哲学は英語でphilosophy、その語源はギリシャ語のφιλοσοφία(philosophia)です。

φιλο(philo)は「愛する」、σοφία(sophia)は「叡智」を意味します。

つまりφιλοσοφία(philosophia)とは「知を愛する」ということです。

明治時代にphilosophyという単語が日本に入ってきて、「希哲学」と訳されたそうです。希は「求める」、哲は「叡智」なので「知を求める(愛する)学問」として、語源の意味を汲み取った訳であることがわかります。これが次第に「哲学」という形で使われるようになりました。

「〇〇学」の多くは、英語にすると末尾に -logy が付きます。これはギリシャ語のλόγος(logos)からきていて、「言葉、論理」といった意味です(λόγος(logos)にはかなり多様な意味があります)。

「哲学」に -logy が付いていないということは、それが単なる“学問”という枠組みではなく、「知を愛する」という営みそのものを指すからだと考えられます。

つまり、「知を愛する」者は誰でも哲学者であり、年齢や知識量、経験、学歴などは関係ないということです。

「死んだらどうなるの?」といった子どもの素朴な質問に、大人でも答えられないのはよくあることです。こうした問いを立てられる子どもは立派な哲学者です。

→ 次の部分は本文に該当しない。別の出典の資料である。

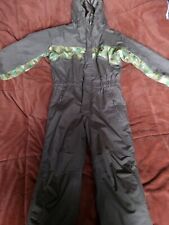 Kids snow suit for sale  HUNTLY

知識量を誇って人を見下したり、自分という枠組みだけの真理で人を「間違っている」と批判することは、哲学者であればしないはずです。「論理的に矛盾している」という批判が発生することはありますが。

知識量を誇るのは「知への愛」ではなく「自己愛」です。知をたくさん持っている自分を愛しているのです。自己愛を持った生き方がダメという訳ではなく、哲学者としての態度ではないということです。

よく吟味せずに「間違っている」と批判する人は、思考停止に陥っています。こちらも哲学者の態度ではありません。

哲学するということは知のために本を読み、人と議論し、自分で考えることです。暫定的に答えは出しますが、全てはプロセスであり、その答えも最終結果ではないのです。

昨今では「経営哲学」や「成功哲学」といった使われ方もあり、こちらは「経験から導き出された知識体系や思想体系」のことを指すと思われます。

「哲学」という単語を使うと高尚っぽい雰囲気が出るので、本を売るための方便としてこのような使われ方が出てきたのかなと想像しています。

言葉は生きものでもあるので、語源から外れた意味合いを持って浸透していくことも致し方ないというか、これについて批判したいという気持ちは全くありません。

ただ、語源に遡ってみることで、哲学を「知を愛する営み」として身近に感じてもらえたらいいなと思い、今回このような記事を書きました。

最後までお読みいただき、ありがとうございました。